Ведь пока все грызлись и поносили друг друга на чем свет стоит, пока разводили старые личные сплетни, она прилежно работала. Так не эту ли свою добровольно-рабскую работу припомнит она им, когда напишет о них столь неприглядно?
«На долю Надежды Константиновны и здесь досталась организационная работа… запись докладов и выступлений передавалась в президиум, и Надежда Константиновна вечерами вычитывала, проверяла записи. При этом ей приходилось общаться с представителями разных группировок. Только ее энергия, выдержка, такт и личный авторитет позволяли составить подробнейший исторический документ — протоколы II съезда партии» (Л. Кунецкая, К. Маш-такова, с. 113). «Съезд кончился, звучали последние речи… Надежда Константиновна уже складывала свои записи… «Скорее, Надежда Константиновна, скорее, иначе худо будет. Берг сейчас изобьет NN» (там же, с. 115) Как видим, дискуссий показалось мало, могла состояться и мерзопакостная потасовка: некий революционер Берг собрался бить А.В. Шотмана, 23 лет от роду.

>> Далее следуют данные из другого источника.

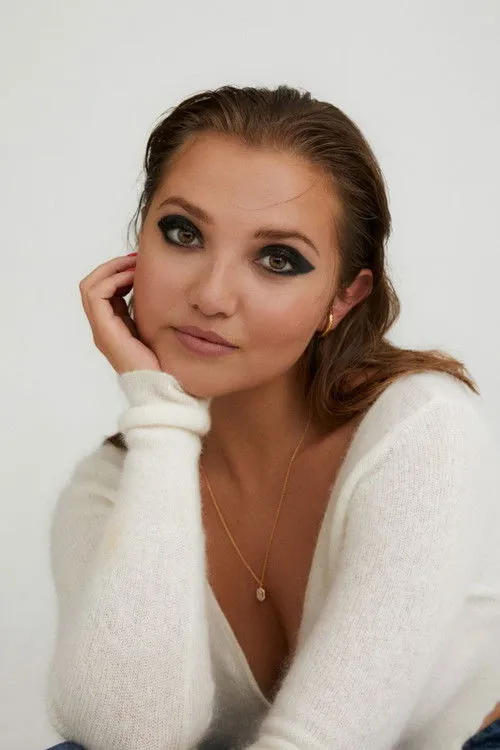 Mia McKenna-Bruce photo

А вот любопытные воспоминания о нюансах пребывания в Лондоне советского литклассика Максима Горького: «Обедали небольшой компанией всегда в одном и том же маленьком, дешевом ресторане (веры в это ИХ нарочитое: маленькое и дешевое — нет и быть не может! — Авт). Я заметил, что Владимир Ильич ест очень мало: яичницу из двух-трех яиц, небольшой кусочек ветчины, выпивает кружку густого, темного пива. По всему видно, что к себе он относится небрежно, и поражала меня его удивительная заботливость…

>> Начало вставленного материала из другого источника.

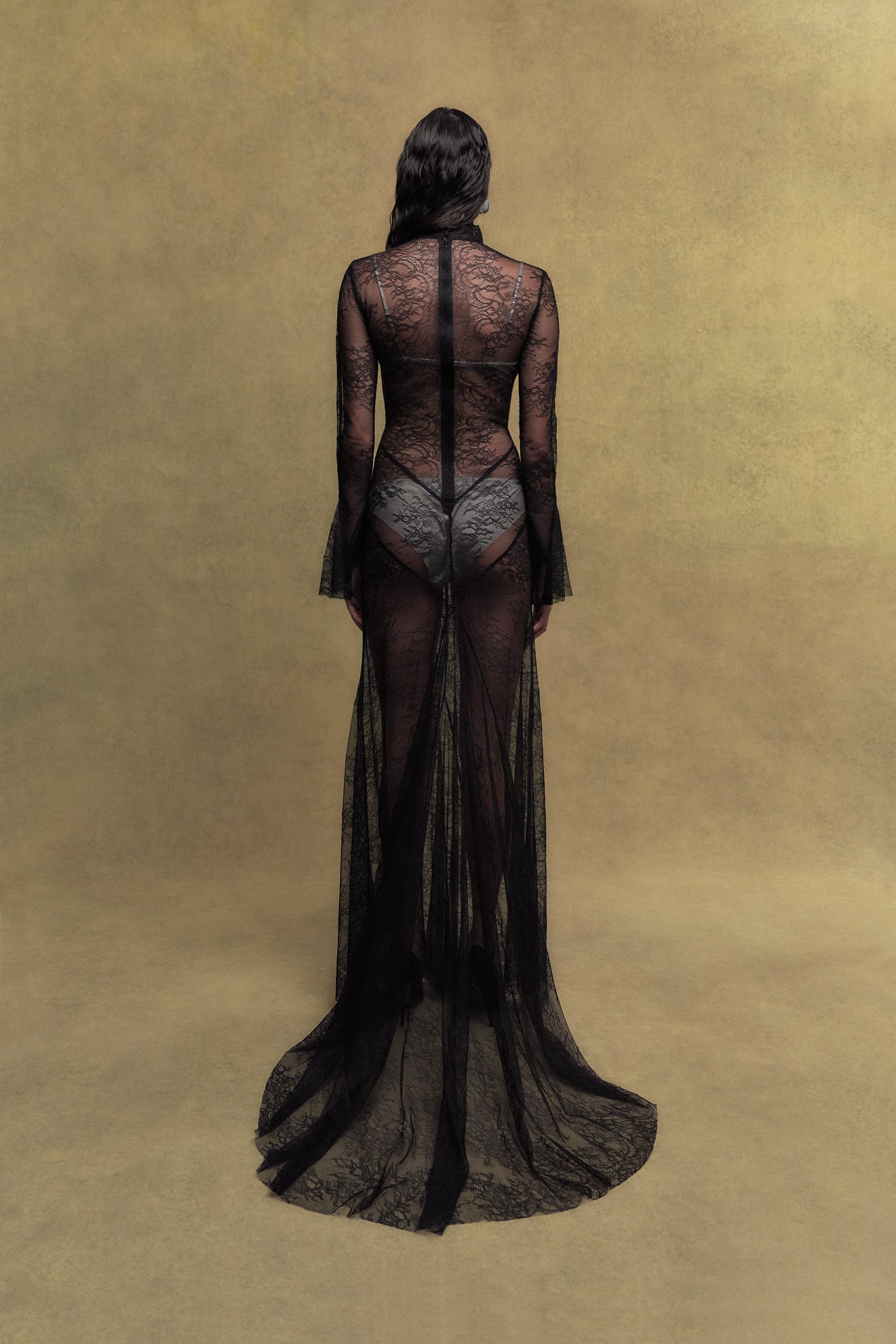 HERMOSA LACE MAXI DRESS IN BLACK - De La Vali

Пришел в гостиницу, где я остановился, и вижу: озабоченно щупает постель.
— Что вы делаете?
— Смотрю — не сырые ли простыни…» (М. Горький. Собрание сочинений в 30 томах. Т. 17, М., 1952, с. 15). Согласитесь, пиво с ветчиной — не такая уж плохая забота о себе, любимом; а вот зайти в номер «товарища» щупать простыни, это… сами понимаете, что может за этим скрываться. Ах, да, вот еще из его воспоминаний для советских болванов: «В Лондоне выдался свободный вечер, пошли небольшой компанией в «мюзик-холл» — демократический театрик» (выделено мной. — Авт.; там же, с. 16).

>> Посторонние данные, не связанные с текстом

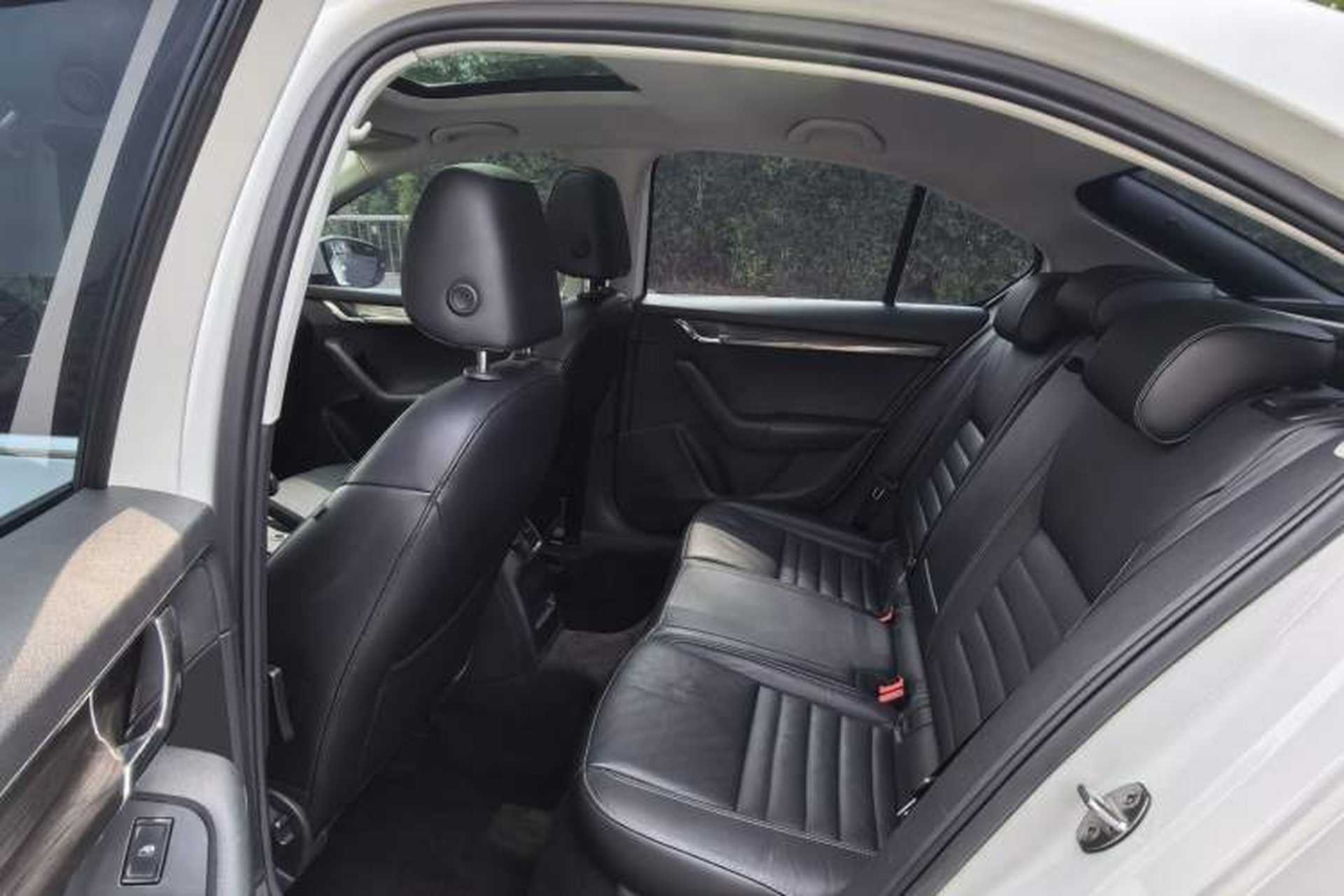 Used Skoda Octavia 2017 TSI280 DSG Smart Drive Edition Interior 5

«Перед отъездом из Лондона большевистская фракция поехала на Хайгетское кладбище, на могилу Маркса… Владимир Ильич нарочно посоветовал товарищам спросить у сторожей дорогу, но те ответили, что не знают, где похоронены известные люди, могилы которых часто посещаются… Делегаты исторического съезда в торжественном молчании стояли вокруг старой мраморной плиты, под которой был похоронен Карл Маркс, его жена Жени Маркс, маленький внук и верный, неизменный друг семьи Елена Демут» (там же, с. 116). Как видим из приведенного отрывка, местные сторожа вовсе и не знали, где расположена «братская» могила «апостолов коммунизма», да и незачем это было им знать.
«Усиленная работа в Интернационале и еще более усиленные теоретические занятия окончательно подорвали здоровье Маркса… 2 декабря 1881 умерла его жена, 14 марта 1883 Маркс тихо заснул навеки в своем кресле. Он похоронен вместе со своей женой и преданной служанкой, почти членом семьи, Еленой Демут…» (Литературная энциклопедия. М., 1932, т. 6, раздел 819–820). Однако ни в этих, ни в других советских энциклопедиях вы не найдете, что Карл Маркс — это Мардохей Леви, не расскажут вам и то, что сожительница Фридриха Энгельса (сожительствующего, в свою очередь, с Карлом Марксом) — преданная служанка, почти член семьи Елена Демут родила от Карла Маркса сына, которого усыновил Ф. Энгельс. Тут вообще интимный расклад прямо-таки немыслимый. «Настоящая правда всегда неправдоподобна», — говаривал еще Федор Достоевский.
Марксизм — приговор мировой цивилизации. И делегаты II съезда партии пришли почтить своего великого Учителя, покоящегося рядом с униженными и оскорбленными добровольными рабынями.